Dataset entries:
......

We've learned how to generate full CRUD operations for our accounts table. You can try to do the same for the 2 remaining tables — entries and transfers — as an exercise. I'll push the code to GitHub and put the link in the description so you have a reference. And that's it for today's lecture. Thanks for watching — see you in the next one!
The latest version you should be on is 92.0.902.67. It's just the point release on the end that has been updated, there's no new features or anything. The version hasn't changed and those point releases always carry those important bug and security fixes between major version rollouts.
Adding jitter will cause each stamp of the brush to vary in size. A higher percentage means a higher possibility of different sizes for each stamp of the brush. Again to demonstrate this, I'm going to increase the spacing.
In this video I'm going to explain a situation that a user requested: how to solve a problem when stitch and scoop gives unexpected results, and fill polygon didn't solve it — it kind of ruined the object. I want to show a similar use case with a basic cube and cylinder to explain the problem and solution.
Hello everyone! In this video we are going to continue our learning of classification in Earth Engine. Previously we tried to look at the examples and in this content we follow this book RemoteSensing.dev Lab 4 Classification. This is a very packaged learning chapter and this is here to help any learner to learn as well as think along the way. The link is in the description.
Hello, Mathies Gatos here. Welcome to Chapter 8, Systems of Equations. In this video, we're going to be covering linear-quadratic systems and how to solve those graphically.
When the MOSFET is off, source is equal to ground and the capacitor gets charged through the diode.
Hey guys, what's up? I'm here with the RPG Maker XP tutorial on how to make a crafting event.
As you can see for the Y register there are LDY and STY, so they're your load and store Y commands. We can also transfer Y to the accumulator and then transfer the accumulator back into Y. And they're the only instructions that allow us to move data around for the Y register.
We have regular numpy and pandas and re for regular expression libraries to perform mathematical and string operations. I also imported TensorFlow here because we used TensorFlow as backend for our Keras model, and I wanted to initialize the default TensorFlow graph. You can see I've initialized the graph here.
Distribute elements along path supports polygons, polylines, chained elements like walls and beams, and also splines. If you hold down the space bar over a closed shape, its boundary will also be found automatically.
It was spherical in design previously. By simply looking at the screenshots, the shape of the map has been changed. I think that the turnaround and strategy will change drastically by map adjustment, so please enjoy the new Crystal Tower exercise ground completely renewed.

......

WHAT THE EXERCISE ASKS:
Copy out each line in the preceding records that contains "ground".

ANSWER BELOW:
When the MOSFET is off, source is equal to ground and the capacitor gets charged through the diode.
It was spherical in design previously. By simply looking at the screenshots, the shape of the map has been changed. I think that the turnaround and strategy will change drastically by map adjustment, so please enjoy the new Crystal Tower exercise ground completely renewed.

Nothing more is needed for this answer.